# Lakes up logan canyon



## outdoorser (Jan 14, 2013)

So I've been looking on google maps and noticed these little "lakes" up by Tony Grove and White pine lake. One is called stream mill lake, another is high creek lake, Crescent Lake (it looks bigger than whit pine) and there are some others. Are these ponds stocked just like White Pine is? Or are they sort of void of fish?


----------



## Mavis13 (Oct 29, 2007)

It's Steam Mill and it's only a lake in the spring; by fall it's mostly mud; no fish; wonderful hike from Franklin Basin but it's a 5ish mile steep one.
White Pine has trout; be prepared to hike about 4 miles.
High Creek is not up Logan Canyon; it's on the other side up High Creek canyon via the Richmond/ Cove area.
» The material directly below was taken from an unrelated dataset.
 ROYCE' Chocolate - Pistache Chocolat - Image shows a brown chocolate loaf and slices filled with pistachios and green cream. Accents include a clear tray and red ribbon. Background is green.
I've been up there but never fished it but have been told there are some trout but that's not a fact again it's all wilderness area so a big crazy steep hike is required. I think it gains almost 3000ft and it runs in my mind its about 6 miles.


----------



## outdoorser (Jan 14, 2013)

Thanks Mavis. I have caught a few brook trout in White Pine, and have caught literally HUNDREDS of rainbows out of Tony grove. Just wondered how those other little lakes were. Thanks again!


----------



## Packfish (Oct 30, 2007)

All enjoyable hikes- but only the two have fish-


----------